I tie onto one end of our rope and Yefimov onto the other, but our two companions just clip on at ten-meter intervals. At first encounter, this rope management practice on glaciers and snow slopes tends to alarm Western alpinists. The “beads on the string” in the middle appear to be unable to play any part in arresting a fall by the leader. With care it can, however, be a useful technique in certain circumstances. Besides, I had resolved to follow Russian practices. Copied, unfamiliar rope techniques and imperfect communication skills sometimes leave me with nothing but a combination of my own bad habits and theirs, but most of the time things go remarkably smoothly.
The surface of the snow is extraordinarily variegated, knee-deep powder changing abruptly into crusty windslab and then a few tantalizing steps of firm névé. I slow my pace right down and settle into a breathing rhythm that I can sustain, zigzagging methodically up the slope.
By mid-afternoon we are at 7850 meters and Yefimov and I confer about a tent site. I suggest heading for the lee of some rocks to the right, but Sergei is keen to avoid having the tents crushed by windblown snow packing in behind them and chooses a fairly exposed spot.
There is no uncertainty in the direction of this expedition. Yefimov will listen to advice and opinion, then form his own judgment. That is policy. His strength and technical skills enable him to lead from the front and he is outspoken in his criticism of those who fail to live up to his own high standards. However, his high-mountain record is less impressive than it could be because he has often allowed others priority in making summit bids.

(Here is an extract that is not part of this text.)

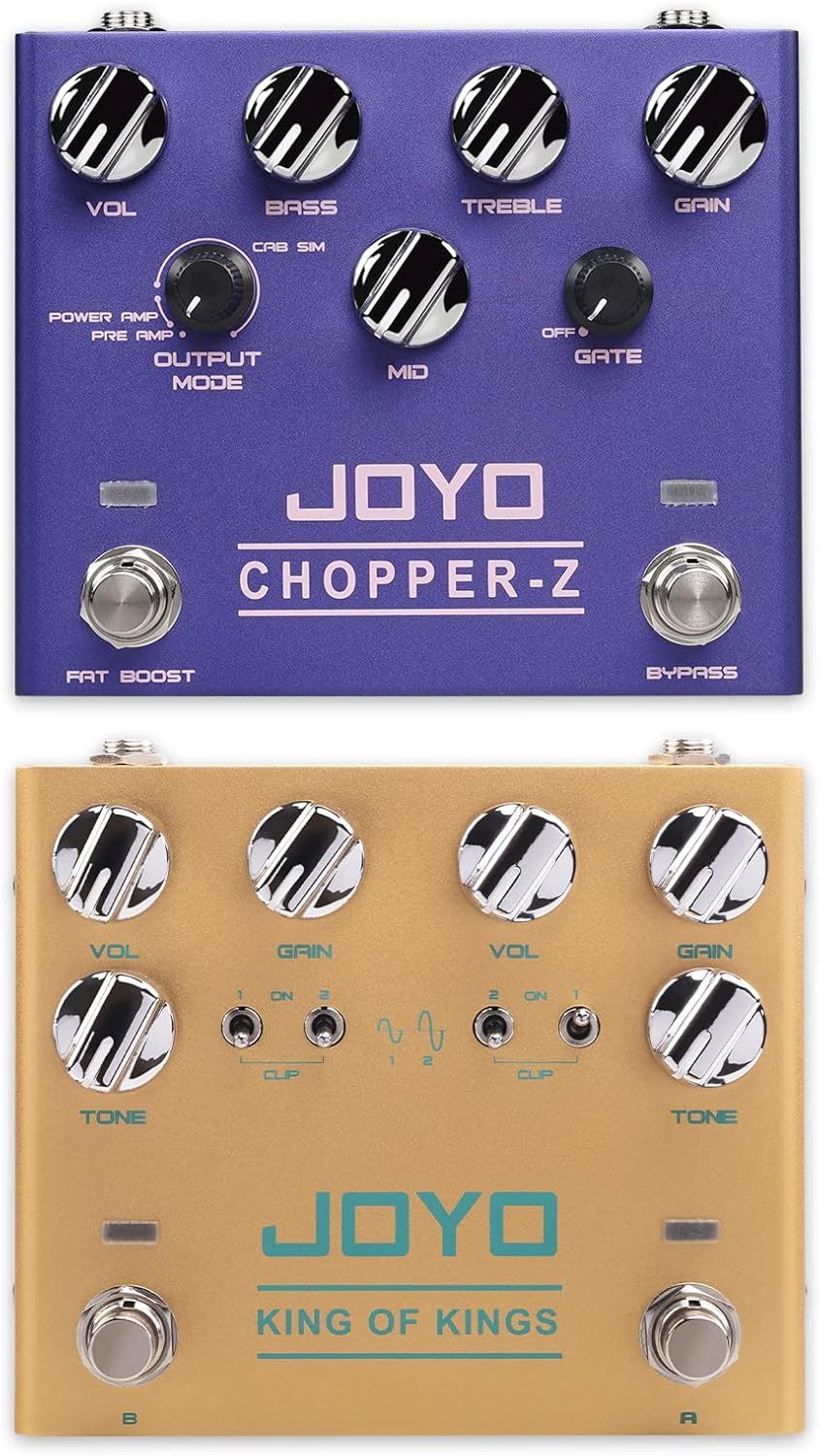 JOYO R-18 High Gain Amp Sim Pedal and R-20 Dual Crunch Pure Analog Overdrive Pedal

Warts and all, he is the most outstanding expedition leader with whom I have ever climbed.
Six days earlier when nine of us set out from Base Camp on the Myagdi Glacier, there was no question but that we were all part of the summit team. At 7300 meters, one of the two Georgian climbers had a bad night, and the following morning he was helped down by his companion. They had clearly been more comfortable with the tradition of climbing as a pair. If I had a Western companion with me, I would inevitably be less of the team and one of a pair. However, I had deliberately chosen the total interdependence of the large team. This is a different way of mountaineering.
In this context, the big tents, petrol stoves, bags of potatoes and pressure cookers all play an effective part, and the rope techniques are unquestionably efficient. Deficiencies in items of clothing and equipment or individual weakness or setbacks of any kind can be accommodated more easily in this situation than amongst a pair of climbers who have pared weight down to the last gram. The ethos tends to run counter to our own highly prized individualism. It explains the powerful record of Soviet teams in the Himalaya in the last decade which typically has enabled a large number of climbers to summit. It probably also contributed to the occasional massive tragedies which have overtaken parties in the Pamirs.
Back in our tents at 7850 meters, the pressure cooker is full of potatoes, onions, cabbage and garlic, and we open a couple of cans of tuna fish. There is no distinction between high-altitude food and base-camp food, except that the climbing team gets priority when supplies run low! At the prearranged time of eight P.M., we call the doctor and my wife at Base Camp and reset the alarm for an early start in the morning.
The following day, May 11, the summit of Dhaulagiri was reached by Sergei Yefimov, Valeri Pershin, Sergei Bogomolov, Alexei Lebedikhin, Boris Sedusov, Ivan Plotnikov and the author, completing the first ascent of the north face.
Summary of Statistics:
Area: Dhaulagiri Himal, Nepal.
New Route: Dhaulagiri, 8167 meters, 26,795 feet, via the Direct North Face, May 11, 1993 (Sergei Yefimov, leader, Valeri Pershin, Sergei Bogomolov, Alexei Lebedikhin, Boris Sedusov, Ivan Plotnikov, Russians, and Rick Allen, British.)